The prevalence of celiac disease in the United States is 1 in 133 persons, based on blood donor screening using sensitive and specific antibody tests (4). The worldwide prevalence of celiac disease in whites is approximately 1% (5), and the rate of diagnosis appears to be increasing (6, 7). Proposed theories for its increasing prevalence include cultivation of wheat grains with higher gluten content, rotavirus infection that may increase intestinal permeability (8), and change in breast-feeding practices (9). Breast-feeding with the introduction of a small amount of gluten between 5 and 7 months of age may prevent or delay the onset of celiac disease in genetically susceptible infants (10). Celiac disease most commonly manifests at age 1 to 2 years, when gluten is first introduced into the diet, and in young adult life, but it can become evident at any age (11).

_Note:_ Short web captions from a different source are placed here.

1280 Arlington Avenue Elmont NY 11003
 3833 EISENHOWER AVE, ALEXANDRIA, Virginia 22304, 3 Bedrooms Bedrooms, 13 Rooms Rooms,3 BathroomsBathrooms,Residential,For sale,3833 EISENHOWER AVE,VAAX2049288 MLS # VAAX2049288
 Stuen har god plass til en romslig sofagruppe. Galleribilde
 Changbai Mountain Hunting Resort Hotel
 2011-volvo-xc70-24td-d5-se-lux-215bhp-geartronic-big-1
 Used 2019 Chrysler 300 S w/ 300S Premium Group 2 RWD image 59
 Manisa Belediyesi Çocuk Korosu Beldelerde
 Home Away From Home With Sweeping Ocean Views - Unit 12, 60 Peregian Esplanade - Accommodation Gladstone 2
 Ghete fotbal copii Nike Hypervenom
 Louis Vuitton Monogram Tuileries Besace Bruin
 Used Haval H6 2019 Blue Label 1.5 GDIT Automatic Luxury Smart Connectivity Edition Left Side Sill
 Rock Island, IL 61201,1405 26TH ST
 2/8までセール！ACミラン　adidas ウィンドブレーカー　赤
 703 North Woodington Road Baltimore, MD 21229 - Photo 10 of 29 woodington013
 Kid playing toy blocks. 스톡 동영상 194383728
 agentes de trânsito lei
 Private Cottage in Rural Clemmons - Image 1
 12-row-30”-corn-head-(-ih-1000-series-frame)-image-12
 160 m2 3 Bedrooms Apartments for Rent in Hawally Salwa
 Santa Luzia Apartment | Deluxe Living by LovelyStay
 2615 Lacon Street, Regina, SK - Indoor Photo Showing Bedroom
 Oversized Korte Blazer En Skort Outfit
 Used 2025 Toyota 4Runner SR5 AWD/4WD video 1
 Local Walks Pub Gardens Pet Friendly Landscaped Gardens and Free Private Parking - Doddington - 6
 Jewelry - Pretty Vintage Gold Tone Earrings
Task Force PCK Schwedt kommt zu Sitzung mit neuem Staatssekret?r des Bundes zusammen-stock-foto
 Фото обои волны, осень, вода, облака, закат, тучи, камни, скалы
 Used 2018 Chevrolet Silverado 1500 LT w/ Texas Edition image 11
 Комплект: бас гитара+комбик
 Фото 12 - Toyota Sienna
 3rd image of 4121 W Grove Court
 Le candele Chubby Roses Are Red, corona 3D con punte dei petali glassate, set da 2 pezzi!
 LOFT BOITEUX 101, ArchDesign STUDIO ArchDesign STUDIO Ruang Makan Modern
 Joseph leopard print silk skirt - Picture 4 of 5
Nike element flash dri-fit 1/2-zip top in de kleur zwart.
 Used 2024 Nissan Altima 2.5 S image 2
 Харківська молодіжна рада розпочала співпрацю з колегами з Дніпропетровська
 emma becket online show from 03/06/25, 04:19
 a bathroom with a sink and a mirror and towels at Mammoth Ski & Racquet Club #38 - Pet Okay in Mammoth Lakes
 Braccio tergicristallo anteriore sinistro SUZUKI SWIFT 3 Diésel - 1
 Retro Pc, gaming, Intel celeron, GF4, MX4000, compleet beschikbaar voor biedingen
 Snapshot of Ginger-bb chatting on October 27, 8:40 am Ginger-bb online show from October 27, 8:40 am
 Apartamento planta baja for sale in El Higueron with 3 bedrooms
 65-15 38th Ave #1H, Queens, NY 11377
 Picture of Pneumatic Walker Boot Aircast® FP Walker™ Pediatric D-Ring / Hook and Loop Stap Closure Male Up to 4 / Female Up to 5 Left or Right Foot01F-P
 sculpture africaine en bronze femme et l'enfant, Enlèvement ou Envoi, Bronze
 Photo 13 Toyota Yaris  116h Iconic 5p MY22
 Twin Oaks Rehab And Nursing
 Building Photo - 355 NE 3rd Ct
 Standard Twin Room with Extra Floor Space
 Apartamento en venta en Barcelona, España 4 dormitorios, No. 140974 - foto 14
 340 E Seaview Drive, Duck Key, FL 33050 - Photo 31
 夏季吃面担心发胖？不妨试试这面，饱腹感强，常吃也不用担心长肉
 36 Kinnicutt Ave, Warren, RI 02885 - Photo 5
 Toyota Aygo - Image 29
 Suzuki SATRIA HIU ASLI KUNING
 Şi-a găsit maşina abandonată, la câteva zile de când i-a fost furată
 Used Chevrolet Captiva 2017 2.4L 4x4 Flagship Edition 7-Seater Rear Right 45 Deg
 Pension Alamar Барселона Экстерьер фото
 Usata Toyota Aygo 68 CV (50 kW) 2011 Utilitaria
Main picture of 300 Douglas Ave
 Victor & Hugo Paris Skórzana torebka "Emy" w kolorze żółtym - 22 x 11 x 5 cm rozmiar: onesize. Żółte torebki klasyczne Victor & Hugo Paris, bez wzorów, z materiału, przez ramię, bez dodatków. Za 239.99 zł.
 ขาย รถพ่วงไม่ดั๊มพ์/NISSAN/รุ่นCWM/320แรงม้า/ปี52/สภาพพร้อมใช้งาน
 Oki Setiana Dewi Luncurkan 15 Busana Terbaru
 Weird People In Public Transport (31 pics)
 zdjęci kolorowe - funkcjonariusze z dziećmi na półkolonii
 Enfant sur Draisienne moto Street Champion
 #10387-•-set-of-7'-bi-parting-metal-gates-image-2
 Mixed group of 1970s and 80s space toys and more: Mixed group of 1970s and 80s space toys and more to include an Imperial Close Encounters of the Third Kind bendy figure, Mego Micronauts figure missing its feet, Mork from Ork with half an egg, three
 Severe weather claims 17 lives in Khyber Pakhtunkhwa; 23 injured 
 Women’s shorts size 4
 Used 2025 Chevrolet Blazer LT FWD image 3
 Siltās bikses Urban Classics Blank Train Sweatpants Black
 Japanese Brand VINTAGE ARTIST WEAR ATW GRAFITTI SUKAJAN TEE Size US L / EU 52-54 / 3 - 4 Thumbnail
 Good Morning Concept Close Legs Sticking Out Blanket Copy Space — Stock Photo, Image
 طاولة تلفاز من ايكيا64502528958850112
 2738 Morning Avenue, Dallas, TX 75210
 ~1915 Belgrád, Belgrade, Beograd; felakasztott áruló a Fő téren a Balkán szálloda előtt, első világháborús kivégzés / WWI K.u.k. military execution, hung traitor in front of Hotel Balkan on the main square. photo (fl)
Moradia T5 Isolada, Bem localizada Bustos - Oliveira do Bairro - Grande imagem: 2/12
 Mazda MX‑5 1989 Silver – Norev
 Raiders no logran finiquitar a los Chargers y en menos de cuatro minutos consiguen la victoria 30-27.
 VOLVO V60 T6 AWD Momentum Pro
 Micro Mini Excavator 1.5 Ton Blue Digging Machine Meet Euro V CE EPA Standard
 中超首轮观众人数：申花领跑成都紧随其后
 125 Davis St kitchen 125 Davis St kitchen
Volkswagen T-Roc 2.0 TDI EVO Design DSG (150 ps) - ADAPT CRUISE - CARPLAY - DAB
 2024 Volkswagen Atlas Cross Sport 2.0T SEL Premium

The development of celiac disease requires the ingestion of gluten from wheat (includes spelt, triticale, semolina, and Kamut), rye (including malt), or barley (Fig. 79.1) and a susceptible genetic background (5, 6, 7). Gluten is the protein in wheat that provides the elastic quality highly desirable for baking goods. Repeat stretches of the amino acids proline and glutamine are characteristic of the gluten protein structure. The alcohol-soluble fraction of wheat gluten, gliadin, and its related prolamins from rye and barley are toxic in celiac disease (12, 13). Many gliadin peptides have been reported to trigger inflammation in celiac disease by in vivo and in vitro studies. One such peptide, a 33-mer peptide from α₂-gliadin (14), contains three previously reported toxic epitopes and cannot be digested by human pancreatic or intestinal proteases, thus rendering it available to trigger an immune response.

A genetic predisposition for celiac disease is suggested by the high concordance of celiac disease in identical twins (15) and the increased risk in first-degree relatives compared with the general population (16). The human leukocyte antigen (HLA)-DQ2 (DQA1*05/DQB1*02) and DQ8 (DQA1*03/DQB1*0302) alleles have the strongest genetic association with celiac disease (17). However, not
all individuals with these risk alleles develop the disease. Other candidate genes have been identified in genomewide studies (11, 18, 19, 20) that, when present, along with HLA-DQ2, increase the risk of celiac disease (21). Genetic associations also have been reported between celiac disease and diabetes mellitus type 1(22), as well as Crohn disease (19, 23).

Gliadin has been reported to trigger both adaptive and innate immune responses in celiac intestinal mucosa (Fig. 79.2). How gliadin peptides cross the intestinal epithelium is unknown. Intestinal infection or other physiologic stress, such as surgery, may render the epithelium more permeable and allow a threshold amount of gliadin peptide access to immune cells in the lamina propria. Alternatively, peptides cross transcellularly (24, 25). In the lamina propria, native gliadin peptides or gliadin peptides rendered more negatively charged by conversion of glutamine to glutamic acid by tissue transglutaminase (tTG) bind to positively charged pockets of HLA-DQ2 and DQ8 molecules expressed on the outer membrane of antigenpresenting cells (11, 26) (see Fig. 79.2). These bound antigens activate specific T cells that result in release of interferon-γ and intestinal inflammation. Gliadin is also capable of activating the innate immune system by reprogramming intestinal epithelial cytotoxic T lymphocytes into natural killer-like cells (27). Release of the cytokine interleukin-15 (IL-15) from the epithelium participates in intestinal inflammation. Retinoic acid may act as a coadjuvant to IL-15 to break tolerance to gliadin peptides in individuals genetically predisposed to celiac disease (28).

The main pathophysiologic consequences of chronic intestinal inflammation are villous atrophy and decreased surface area for nutrient absorption. Chronic inflammation may also down-regulate nutrient transport proteins in the intestinal epithelium (29). Pancreatic insufficiency caused by decreased release of secretin and cholecystokinin from atrophied duodenal epithelium and bacterial overgrowth may contribute to nutrient malabsorption.